The Government of Mali made modest efforts to prevent trafficking during the last year. In October 2011, the Ministry of Malians Abroad held a workshop in Bamako to educate approximately 5,000 Malians about the dangers of illegal migration to Europe, including the possibility of becoming a victim of human trafficking. In January and February 2012, the Ministry of Malians Abroad sponsored awareness raising debates on human trafficking in all eight of Mali's regions. The chair of the National Coordinating Committee for the Fight against Trafficking in Persons and the head of the Malian National Unit for the Fight against Child Labor participated in international meetings in Cote d'Ivoire, Togo, Senegal, and Guinea-Bissau to further coordinate regional trafficking prevention.
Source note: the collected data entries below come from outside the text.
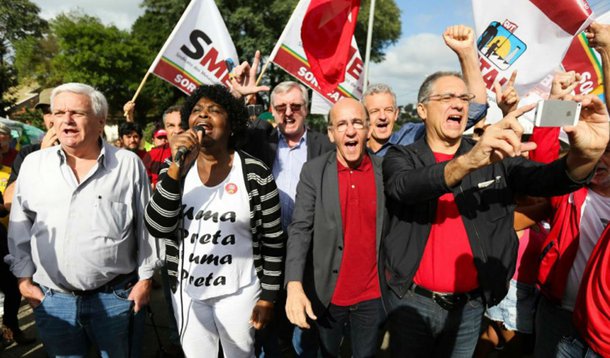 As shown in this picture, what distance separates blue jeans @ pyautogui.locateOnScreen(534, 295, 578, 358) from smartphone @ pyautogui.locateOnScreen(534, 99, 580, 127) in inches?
45.1

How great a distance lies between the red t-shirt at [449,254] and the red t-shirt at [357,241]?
41 centimetres

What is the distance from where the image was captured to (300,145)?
2.90 meters

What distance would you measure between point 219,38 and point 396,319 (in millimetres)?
4262

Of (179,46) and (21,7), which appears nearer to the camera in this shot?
(179,46)

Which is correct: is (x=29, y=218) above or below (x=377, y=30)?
below

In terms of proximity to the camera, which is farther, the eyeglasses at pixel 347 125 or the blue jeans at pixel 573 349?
the eyeglasses at pixel 347 125

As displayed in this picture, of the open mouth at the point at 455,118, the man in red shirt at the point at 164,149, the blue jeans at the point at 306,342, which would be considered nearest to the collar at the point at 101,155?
the man in red shirt at the point at 164,149

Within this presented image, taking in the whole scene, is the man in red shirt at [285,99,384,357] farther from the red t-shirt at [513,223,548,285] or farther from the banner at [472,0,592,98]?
the banner at [472,0,592,98]

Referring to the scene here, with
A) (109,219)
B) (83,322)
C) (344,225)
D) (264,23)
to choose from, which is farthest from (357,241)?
(264,23)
As part of the Mali-Cote d'Ivoire bilateral accord, the Malian and Ivoirian first ladies met in October 2011 to intensify their efforts against human trafficking. In November 2011, the National Coordinating Committee, the National Unit for the Fight Against Child Labor, the Committee to Track Child Labor, and local NGOs gathered and agreed to regular meetings, a standardized intake process, and common forms and tools for use by police, ministry officials, regional directorates, and NGOs in addressing child victims of trafficking. The government took no visible measures to decrease the demand for commercial sex acts or forced labor. The government did not provide anti-trafficking training to Malian troops prior to their deployment abroad on international peacekeeping missions.